Staff photo / John J. Woods, shown in a July 30, 2018, photo, was an investor in the Chattanooga Lookouts minor league baseball team.
Staff photo / John J. Woods, shown in a July 30, 2018, photo, was an investor in the Chattanooga Lookouts minor league baseball team.

Investors seeking claims in an alleged Ponzi scheme involving former Chattanooga businessman John J. Woods will receive an initial payout of $18 million, a judge ruled Tuesday.

But the payout is only about a quarter of the $70 million in claims filed by investors who federal regulators alleged were defrauded by Woods' scheme.

U.S. District Court Judge Steven D. Grimberg of Atlanta, following a Zoom hearing, agreed with a request by the case's receiver for the initial distribution to investors.

A. Cotton Wright, the court-appointed receiver who has been selling off the assets of an investment fund Woods used to allegedly bilk investors, said during the hearing that she expects two more distributions, though the one approved Tuesday likely will be the biggest.

"This would be the largest distribution of the bunch," she said.

She said another distribution to investors could come in late spring or early summer. Wright said a third distribution could be carried out in early 2024. She said there is about $19 million in the receivership account.

According to the U.S. Securities and Exchange Commission, Woods collected more than $110 million from investors with promises of 6-7% rates of return. But the commission said in August 2021 that the investments in the fund, Horizon Private Equity III, were "worth far too little for there to be any realistic prospect that the Ponzi scheme will be able to pay back existing investors their principal, let alone the promised returns."
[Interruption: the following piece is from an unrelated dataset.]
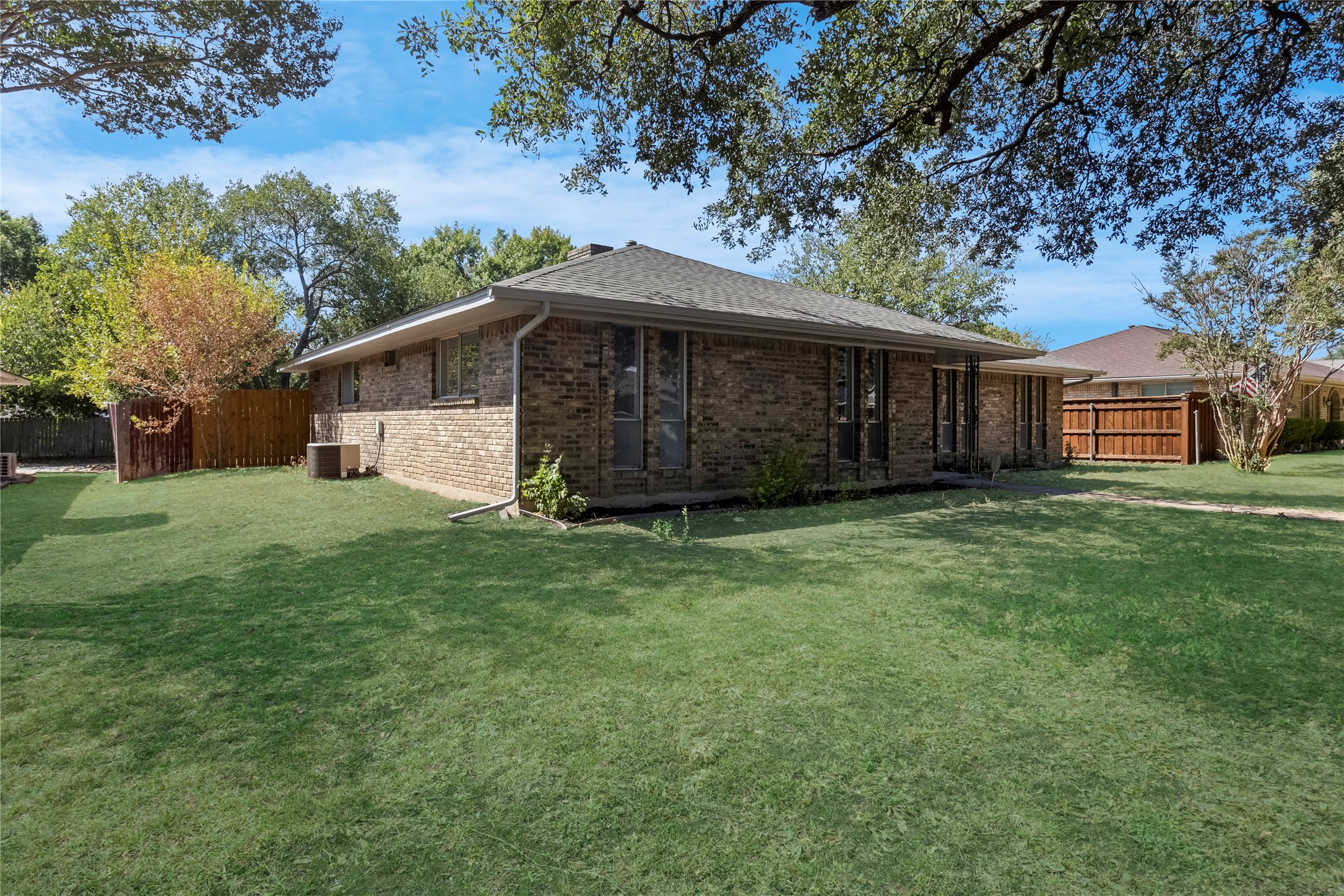 742 Ridge Crest Drive — photo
Woods, 57, who grew up in East Ridge before moving to Marietta, Georgia, and was a co-owner of the Chattanooga Lookouts minor league baseball team, has denied wrongdoing in court papers.
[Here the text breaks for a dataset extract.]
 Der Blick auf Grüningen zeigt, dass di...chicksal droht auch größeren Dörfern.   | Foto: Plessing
His lawyer, David M. Chaiken of Atlanta, said earlier in an email that the commission's claims don't meet the FBI's definition of a Ponzi scheme. He said the government's "use of this pejorative term in its press release and in its complaint mischaracterized the actual facts and unfairly portrayed" Woods and others. Chaiken said Woods had been managing the private equity fund with real assets that would have been worth more than what the fund owed investors.

David Bain, identified as an attorney for investors Jan and Linda Gorman, said during the hearing that he is wholeheartedly in favor of the distribution.

He also urged the receiver to deal directly with investors so none of the distribution is eaten up by a third party. Wright said she planned to do so.

Commission attorney Harry B. Roback also agreed with the receiver's distribution request.

Wright has said the latest accounting shows claims of $70 million by 431 investors. Wright said claims range from about $85 to $4.6 million at the highest amount, which is $3 million more than the next largest.

Woods' fund, among other investments, had included interests in Chattanooga area entities ranging from the Lookouts to real estate ventures involving strip centers and the former Sears and JC Penney stores at Northgate Mall.

In October 2021, the judge agreed to let the Lookouts buy Woods' share of the club for $1.87 million.